After locating the line that contains "Aix-Les-Bain's lake-side promenade" in the following entries, reproduce it and each later line exactly, including the last.

Scraped caption text data
################

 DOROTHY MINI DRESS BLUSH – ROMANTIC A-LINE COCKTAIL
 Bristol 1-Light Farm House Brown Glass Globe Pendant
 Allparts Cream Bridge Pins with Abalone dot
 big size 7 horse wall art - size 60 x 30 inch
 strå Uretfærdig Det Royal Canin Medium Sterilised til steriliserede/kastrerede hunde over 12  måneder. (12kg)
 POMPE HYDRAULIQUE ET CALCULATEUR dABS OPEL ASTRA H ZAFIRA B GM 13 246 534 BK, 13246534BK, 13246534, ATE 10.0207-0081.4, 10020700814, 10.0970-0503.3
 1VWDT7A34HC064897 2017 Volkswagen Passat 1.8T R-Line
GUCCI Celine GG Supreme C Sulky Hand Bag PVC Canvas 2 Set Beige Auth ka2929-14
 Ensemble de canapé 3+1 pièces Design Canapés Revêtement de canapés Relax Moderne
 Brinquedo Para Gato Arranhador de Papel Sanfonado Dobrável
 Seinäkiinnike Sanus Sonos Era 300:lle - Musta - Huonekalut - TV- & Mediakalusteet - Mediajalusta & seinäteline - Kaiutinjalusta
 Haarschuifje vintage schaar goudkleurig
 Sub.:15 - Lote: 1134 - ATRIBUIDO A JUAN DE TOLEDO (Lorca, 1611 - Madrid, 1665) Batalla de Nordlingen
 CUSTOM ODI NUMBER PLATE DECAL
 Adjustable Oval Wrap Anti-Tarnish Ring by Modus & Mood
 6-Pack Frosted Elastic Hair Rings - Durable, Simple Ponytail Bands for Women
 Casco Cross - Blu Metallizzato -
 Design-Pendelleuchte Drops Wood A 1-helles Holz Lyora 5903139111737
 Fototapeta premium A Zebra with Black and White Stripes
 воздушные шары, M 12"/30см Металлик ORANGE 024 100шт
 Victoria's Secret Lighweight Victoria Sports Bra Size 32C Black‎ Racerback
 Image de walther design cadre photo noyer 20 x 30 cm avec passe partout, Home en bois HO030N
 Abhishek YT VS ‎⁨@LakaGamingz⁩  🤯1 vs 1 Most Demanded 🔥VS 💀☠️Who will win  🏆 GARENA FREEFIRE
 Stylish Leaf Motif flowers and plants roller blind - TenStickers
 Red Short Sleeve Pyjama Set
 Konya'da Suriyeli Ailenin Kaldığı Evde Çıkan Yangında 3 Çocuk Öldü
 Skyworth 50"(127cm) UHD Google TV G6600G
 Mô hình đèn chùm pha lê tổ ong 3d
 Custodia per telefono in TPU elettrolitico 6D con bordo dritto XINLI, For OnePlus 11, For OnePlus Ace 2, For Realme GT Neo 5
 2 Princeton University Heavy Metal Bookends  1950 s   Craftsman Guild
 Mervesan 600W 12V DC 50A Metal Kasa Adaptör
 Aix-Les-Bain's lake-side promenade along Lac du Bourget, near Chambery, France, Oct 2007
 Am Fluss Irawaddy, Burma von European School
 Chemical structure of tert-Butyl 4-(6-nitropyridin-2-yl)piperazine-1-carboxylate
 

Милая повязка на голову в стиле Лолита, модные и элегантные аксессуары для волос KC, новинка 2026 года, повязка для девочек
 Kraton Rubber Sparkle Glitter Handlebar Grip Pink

################

■ **Solution to this problem**:
 Aix-Les-Bain's lake-side promenade along Lac du Bourget, near Chambery, France, Oct 2007
 Am Fluss Irawaddy, Burma von European School
 Chemical structure of tert-Butyl 4-(6-nitropyridin-2-yl)piperazine-1-carboxylate
 

Милая повязка на голову в стиле Лолита, модные и элегантные аксессуары для волос KC, новинка 2026 года, повязка для девочек
 Kraton Rubber Sparkle Glitter Handlebar Grip Pink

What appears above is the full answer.